▶
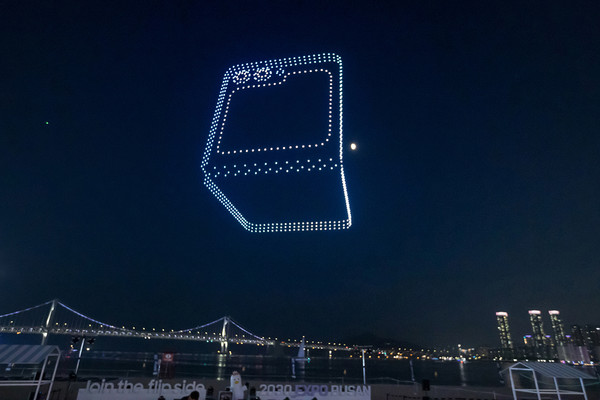 삼성전자가 지난 28일 부산 수영구 광안리 해수욕장에서 '드론 라이트쇼(Drone Light Show)'를 진행했다. 드론은 '갤럭시 Z 플립5'·'갤럭시 Z 폴드5' 모델명과 함께 접히는 폴더블 스마트폰의 형상을 선보이며 부산 광안리 밤하늘을 밝혔다. /사진=삼성전자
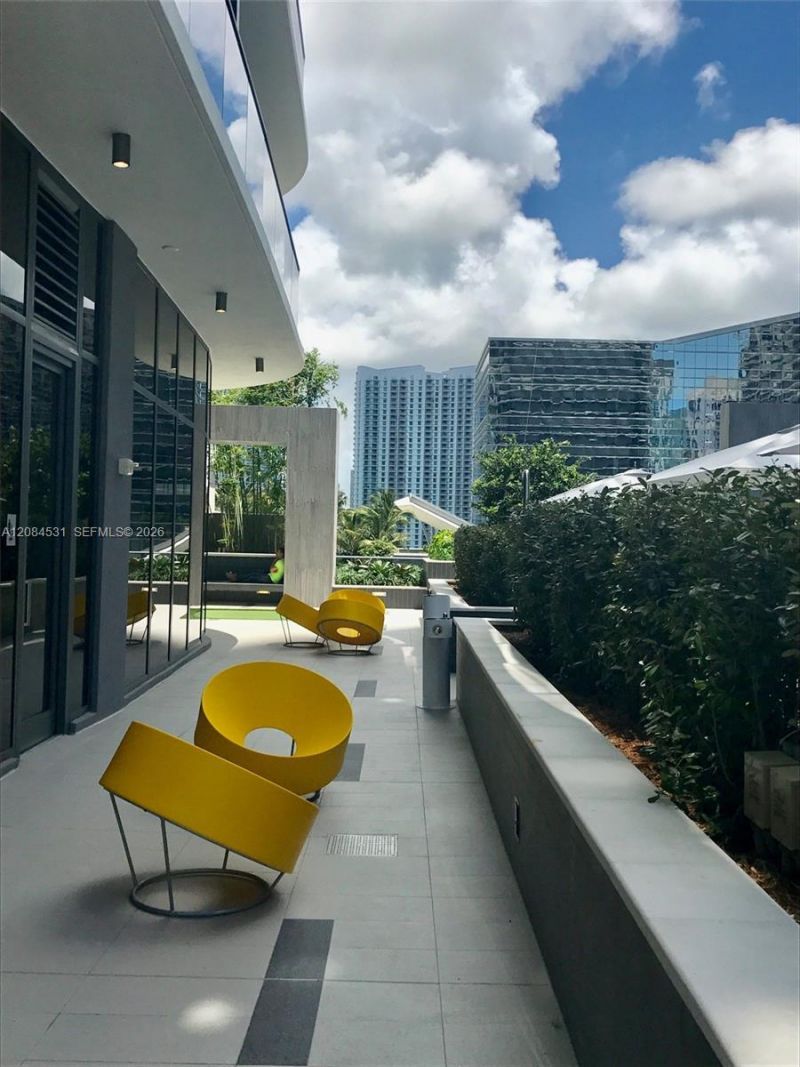 55 SW 9th St , Unit 2807, Miami, FL 33130 Photo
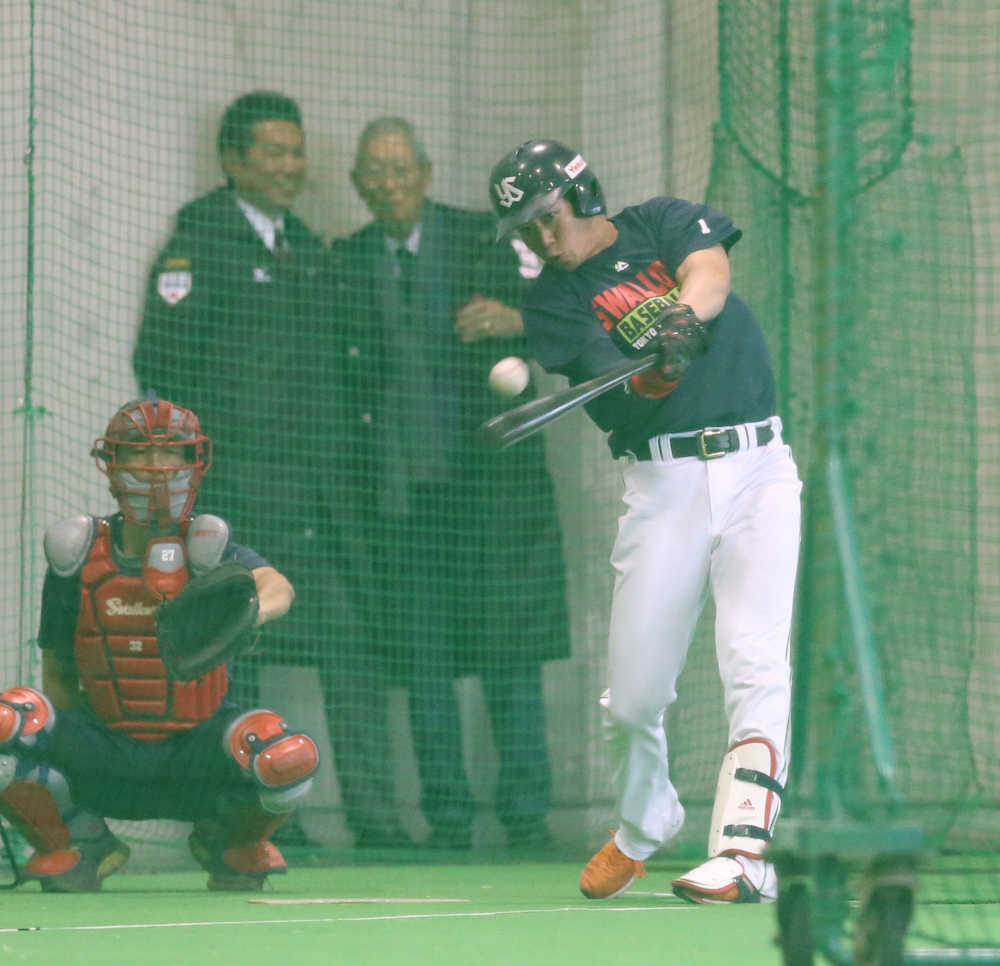 小久保監督（後方左）権藤投手コーチ（同右）の前で特打する山田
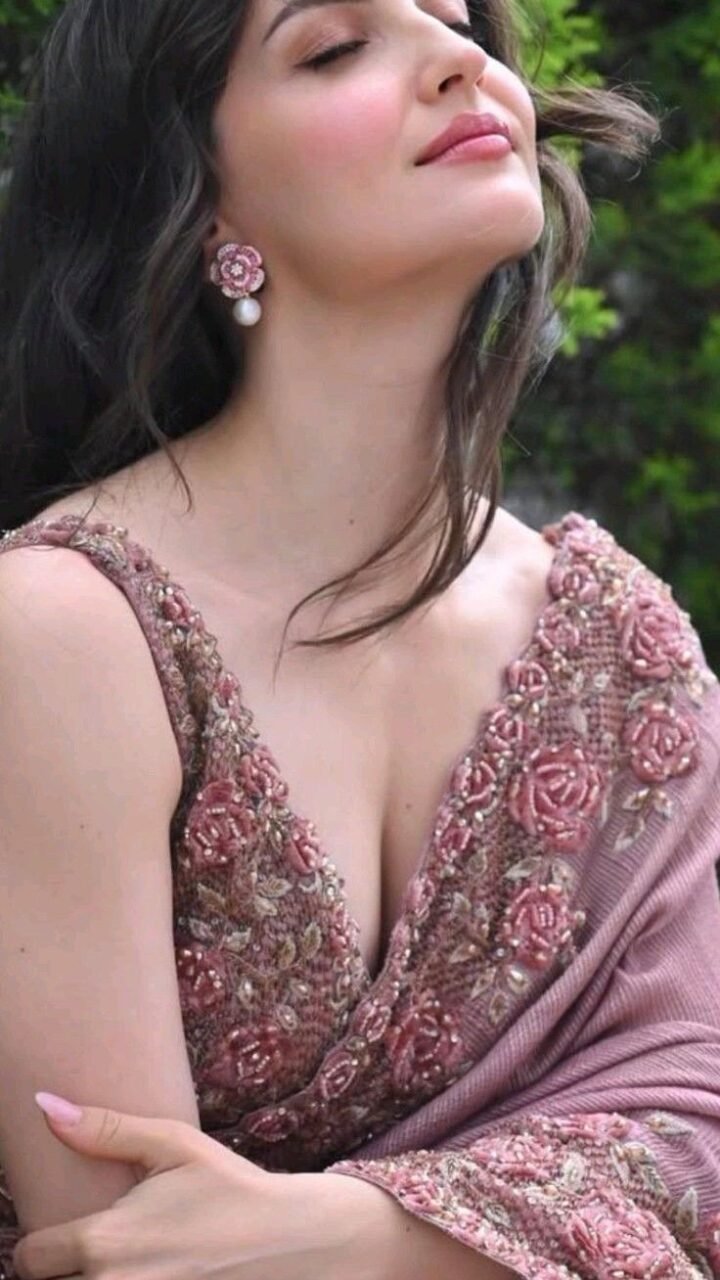 Beautiful girl photo 4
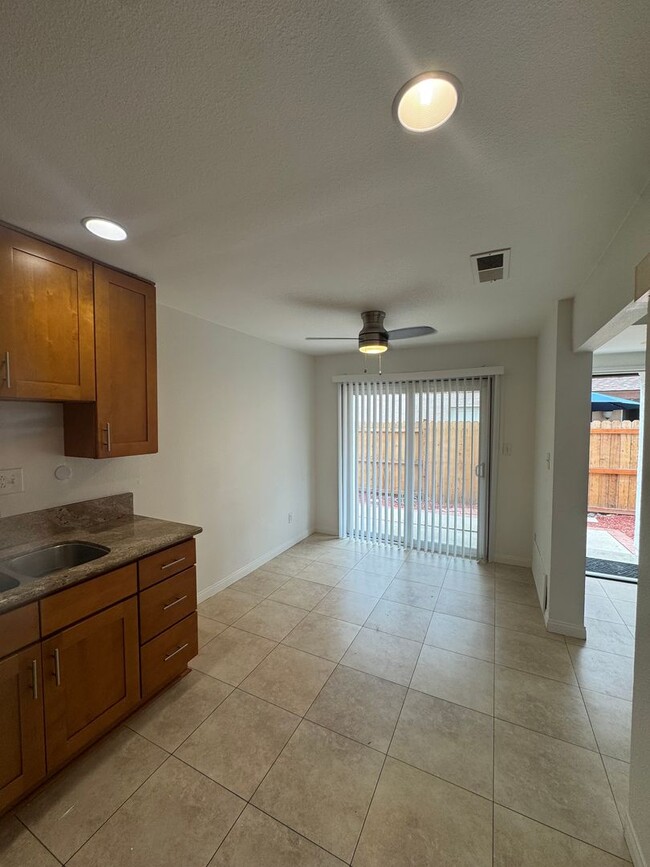 2210-2212 E Avalon Ave Unit 2212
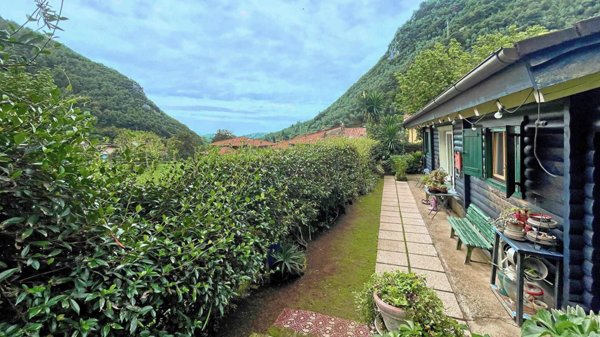 casa indipendente in vendita a Pietrasanta in zona Capezzano Monte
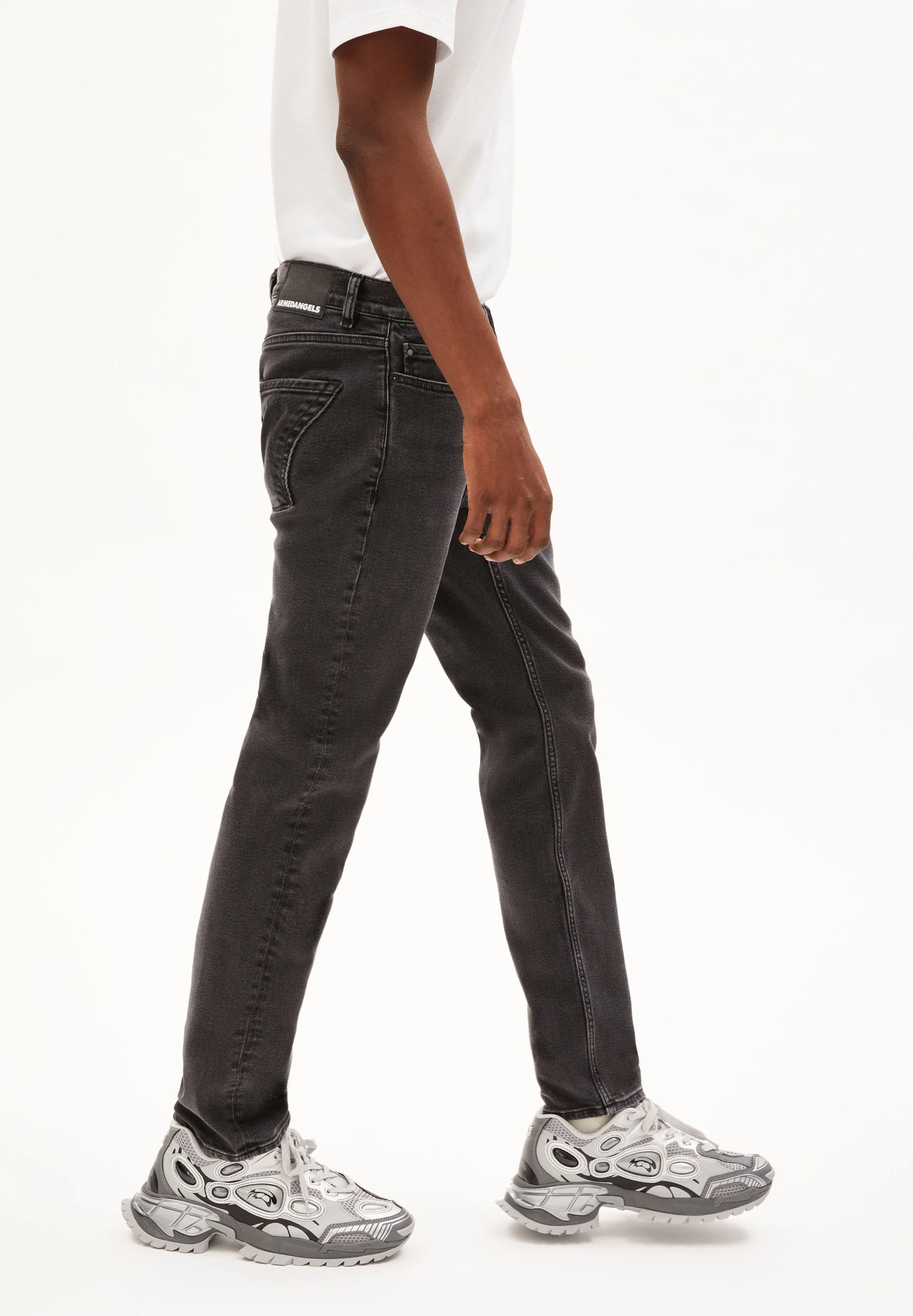 IAAN SLIM JEANS | smoked - Image 6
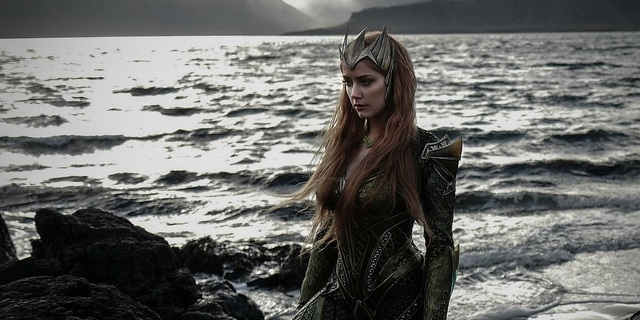 Amber Heard pokazuje nowe zakulisowe zdjęcie z filmu Aquaman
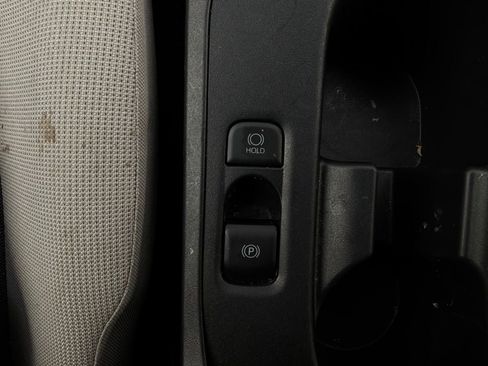 Used 2025 Toyota Corolla LE FWD image 21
◀
All of the listing is to be written out exactly, with the pictures left out.

 삼성전자가 지난 28일 부산 수영구 광안리 해수욕장에서 '드론 라이트쇼(Drone Light Show)'를 진행했다. 드론은 '갤럭시 Z 플립5'·'갤럭시 Z 폴드5' 모델명과 함께 접히는 폴더블 스마트폰의 형상을 선보이며 부산 광안리 밤하늘을 밝혔다. /사진=삼성전자
 55 SW 9th St , Unit 2807, Miami, FL 33130 Photo
 小久保監督（後方左）権藤投手コーチ（同右）の前で特打する山田
 Beautiful girl photo 4
 2210-2212 E Avalon Ave Unit 2212
 casa indipendente in vendita a Pietrasanta in zona Capezzano Monte
 IAAN SLIM JEANS | smoked - Image 6
 Amber Heard pokazuje nowe zakulisowe zdjęcie z filmu Aquaman
 Used 2025 Toyota Corolla LE FWD image 21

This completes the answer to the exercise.